§ TASK MATERIAL
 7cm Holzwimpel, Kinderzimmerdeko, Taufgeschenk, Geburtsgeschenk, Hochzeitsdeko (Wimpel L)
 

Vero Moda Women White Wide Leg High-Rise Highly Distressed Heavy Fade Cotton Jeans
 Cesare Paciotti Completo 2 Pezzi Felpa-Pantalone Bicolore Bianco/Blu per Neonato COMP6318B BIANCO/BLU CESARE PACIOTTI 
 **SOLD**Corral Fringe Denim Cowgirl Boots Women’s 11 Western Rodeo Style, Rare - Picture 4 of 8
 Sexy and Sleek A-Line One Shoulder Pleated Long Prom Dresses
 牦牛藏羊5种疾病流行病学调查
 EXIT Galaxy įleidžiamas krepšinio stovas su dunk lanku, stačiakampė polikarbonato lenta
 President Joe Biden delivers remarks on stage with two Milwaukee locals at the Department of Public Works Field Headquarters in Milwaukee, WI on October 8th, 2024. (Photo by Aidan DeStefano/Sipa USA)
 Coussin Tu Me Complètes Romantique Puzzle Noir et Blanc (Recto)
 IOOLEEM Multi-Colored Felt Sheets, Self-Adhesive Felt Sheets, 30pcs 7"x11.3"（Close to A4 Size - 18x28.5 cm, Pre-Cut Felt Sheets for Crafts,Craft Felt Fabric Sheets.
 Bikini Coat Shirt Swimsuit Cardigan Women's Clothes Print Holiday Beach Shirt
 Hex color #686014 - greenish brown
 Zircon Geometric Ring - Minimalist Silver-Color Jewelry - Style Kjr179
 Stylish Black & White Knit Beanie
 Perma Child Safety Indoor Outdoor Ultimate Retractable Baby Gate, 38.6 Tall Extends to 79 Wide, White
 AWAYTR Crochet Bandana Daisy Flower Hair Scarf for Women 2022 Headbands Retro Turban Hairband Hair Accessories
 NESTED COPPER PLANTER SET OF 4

§ WHAT YOU WILL DO
Everything from the line with "Sexy and Sleek" through the line with "Coussin Tu Me" should be written out exactly as it appears above, end lines included, and nothing outside that range.

§ REPLY
 Sexy and Sleek A-Line One Shoulder Pleated Long Prom Dresses
 牦牛藏羊5种疾病流行病学调查
 EXIT Galaxy įleidžiamas krepšinio stovas su dunk lanku, stačiakampė polikarbonato lenta
 President Joe Biden delivers remarks on stage with two Milwaukee locals at the Department of Public Works Field Headquarters in Milwaukee, WI on October 8th, 2024. (Photo by Aidan DeStefano/Sipa USA)
 Coussin Tu Me Complètes Romantique Puzzle Noir et Blanc (Recto)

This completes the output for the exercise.